• Work to complete
Output each line of the listing exactly, though pictures are not to appear.

• Dataset excerpt
========================================================================

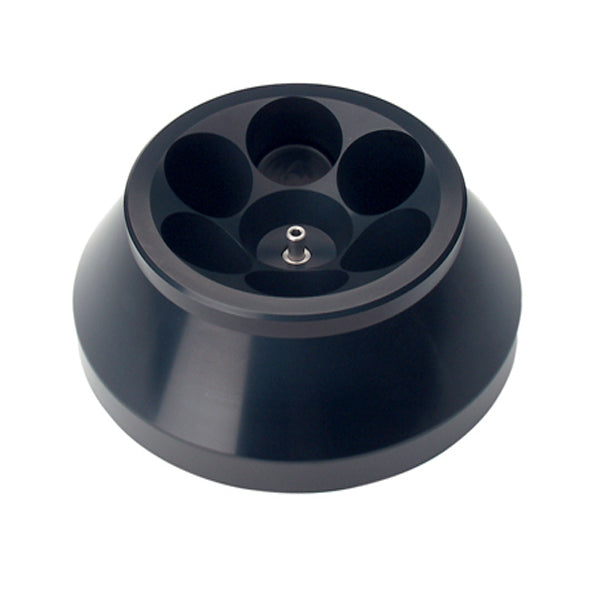 Dark Slate Gray Hermle 6x250 angle rotor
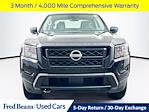 2024 Nissan Frontier Crew Cab 4WD Pickup for sale #F5288K - photo 2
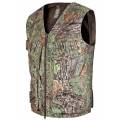 HILLMAN BIRDER HUNTING VEST 3DXG - 516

========================================================================

• Written solution
 Dark Slate Gray Hermle 6x250 angle rotor
 2024 Nissan Frontier Crew Cab 4WD Pickup for sale #F5288K - photo 2
 HILLMAN BIRDER HUNTING VEST 3DXG - 516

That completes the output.